Your answer must be the line containing "Seersucker Swimsuit With Watermelon" and each following line to the end of the listing below, copied exactly, with pictures removed and nothing added.

> INFORMATION SHOWN
──────────────────────────────

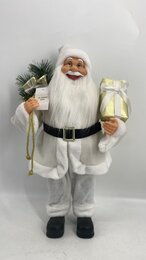 Kerstman promo zilver 60cm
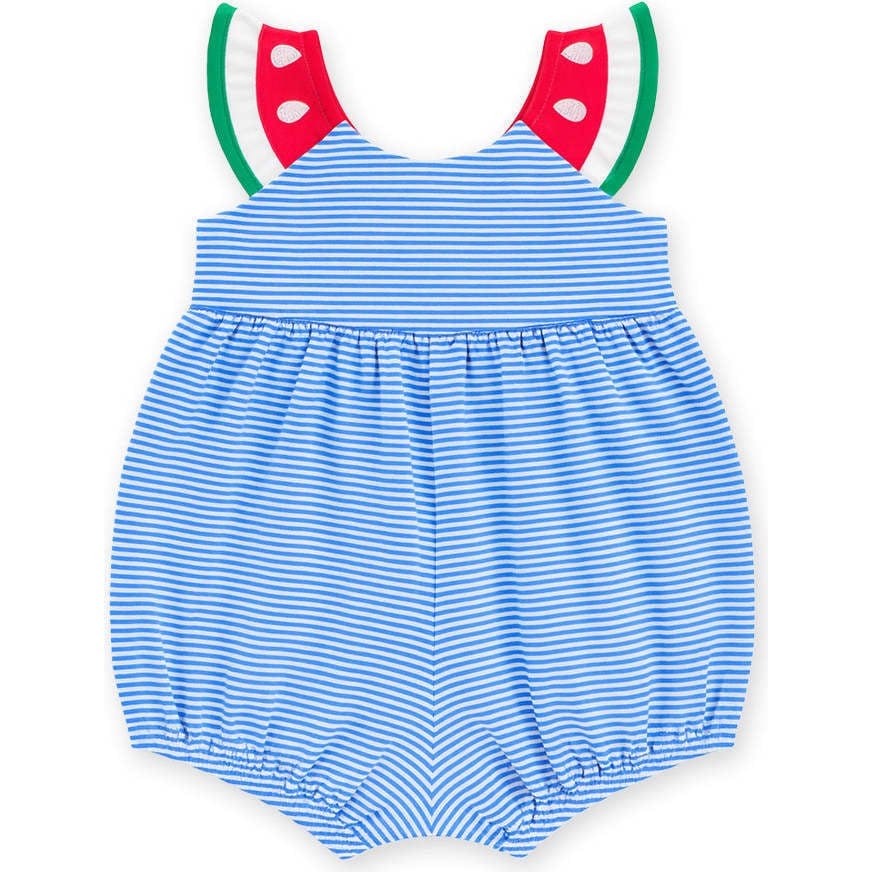 Seersucker Swimsuit With Watermelon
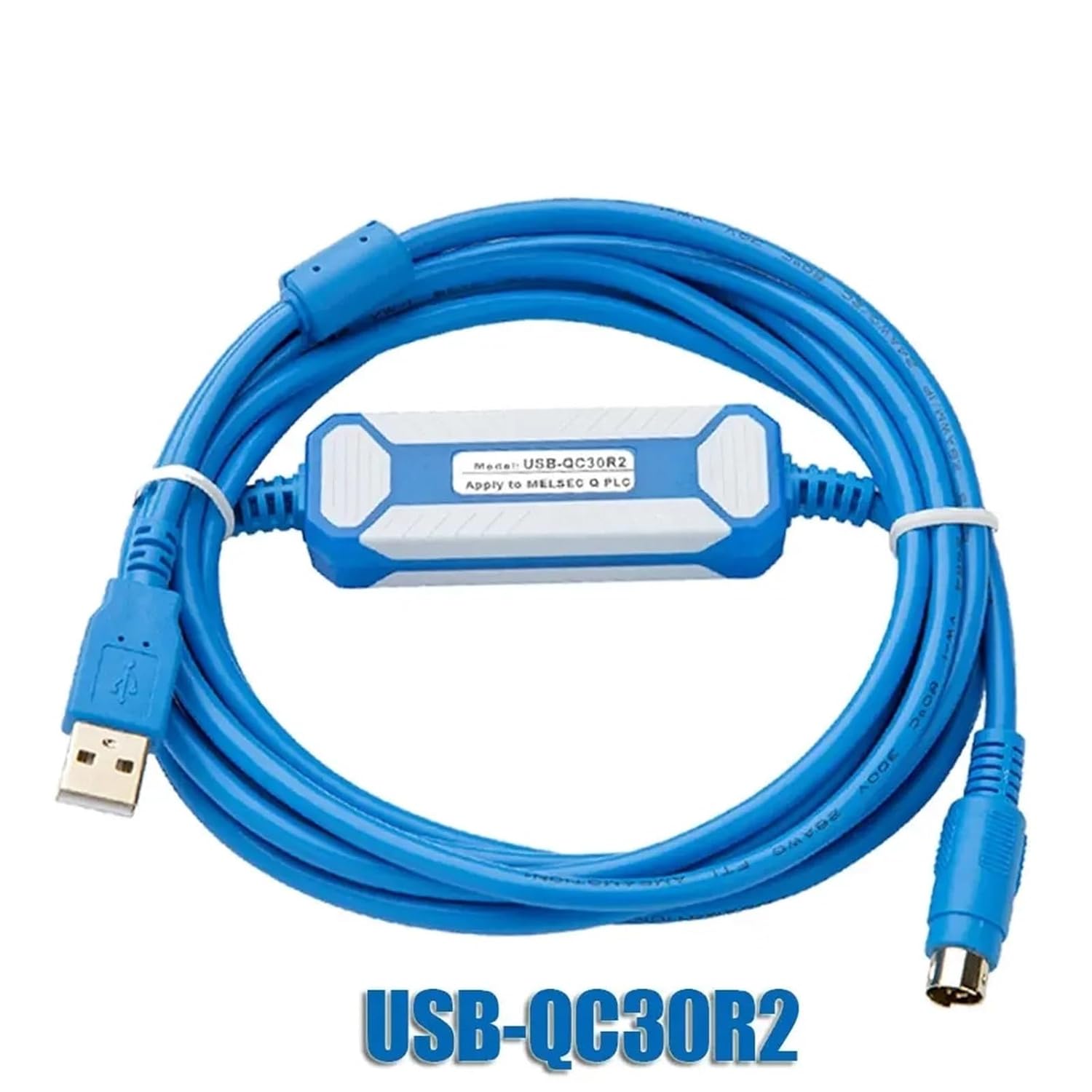 USB-QC30R2+ Suitable for Q Series Programming Cable Data Download Communication Optical Isolation Type(Gold Plated Version)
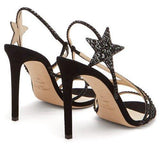 'Lynn' 100 Crystal-Embellished Suede Sandals | DESIGNER INSPIRED FASHIONS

──────────────────────────────

> RESULT
 Seersucker Swimsuit With Watermelon
 USB-QC30R2+ Suitable for Q Series Programming Cable Data Download Communication Optical Isolation Type(Gold Plated Version)
 'Lynn' 100 Crystal-Embellished Suede Sandals | DESIGNER INSPIRED FASHIONS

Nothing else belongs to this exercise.